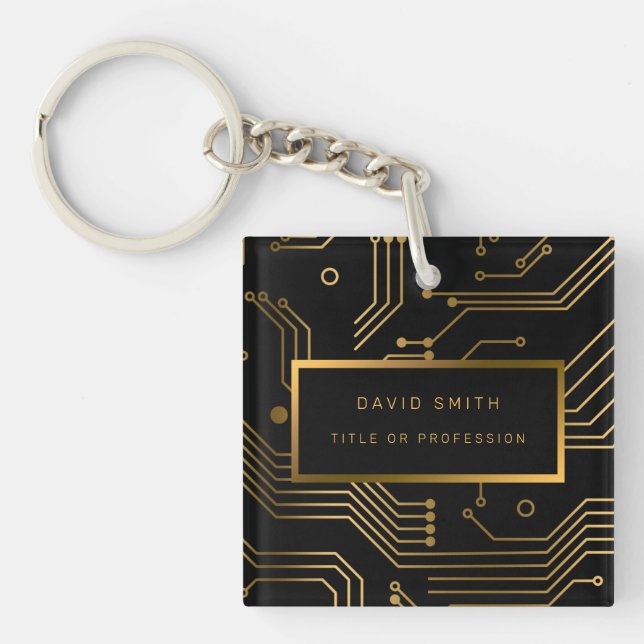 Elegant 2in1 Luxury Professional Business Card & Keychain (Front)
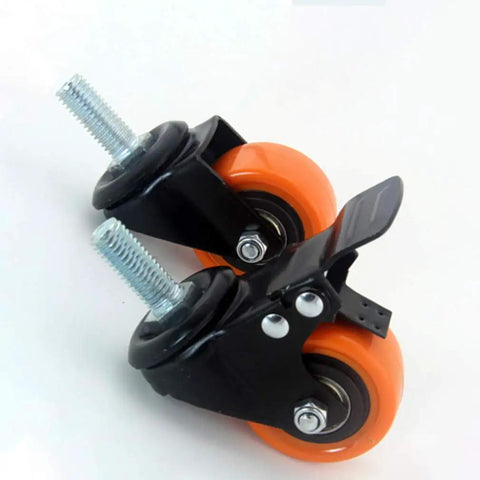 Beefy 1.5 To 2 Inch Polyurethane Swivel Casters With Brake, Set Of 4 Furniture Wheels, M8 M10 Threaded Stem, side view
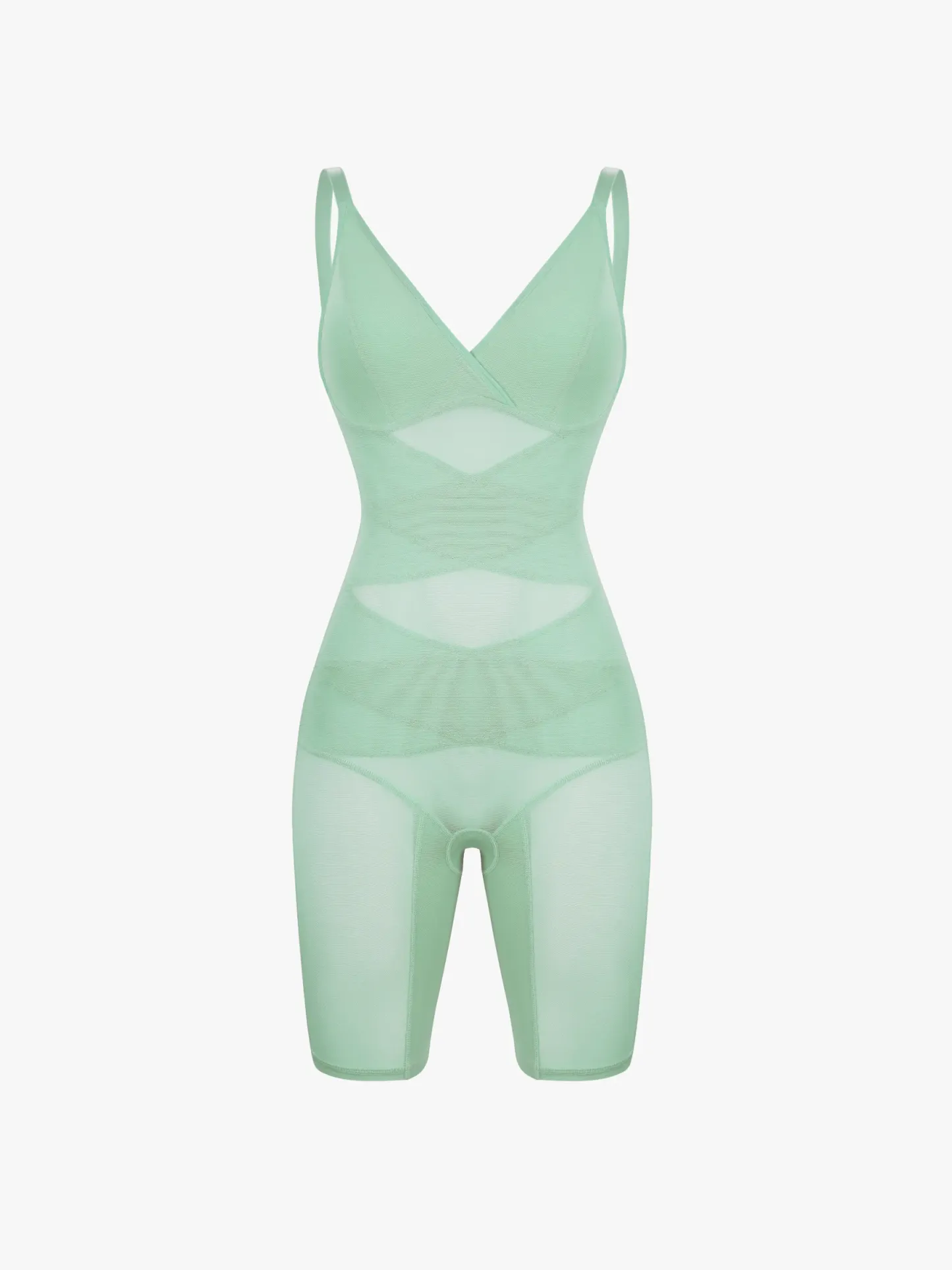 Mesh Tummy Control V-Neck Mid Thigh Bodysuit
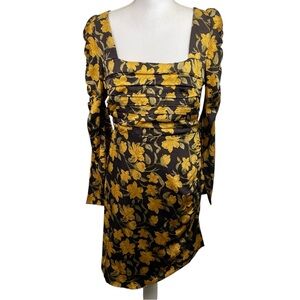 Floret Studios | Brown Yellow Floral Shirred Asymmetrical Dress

-=-=-

After locating the line with "Beefy 1.5 To", transcribe it and the rest of the data above exactly as written, without any picture.

 Beefy 1.5 To 2 Inch Polyurethane Swivel Casters With Brake, Set Of 4 Furniture Wheels, M8 M10 Threaded Stem, side view
 Mesh Tummy Control V-Neck Mid Thigh Bodysuit
 Floret Studios | Brown Yellow Floral Shirred Asymmetrical Dress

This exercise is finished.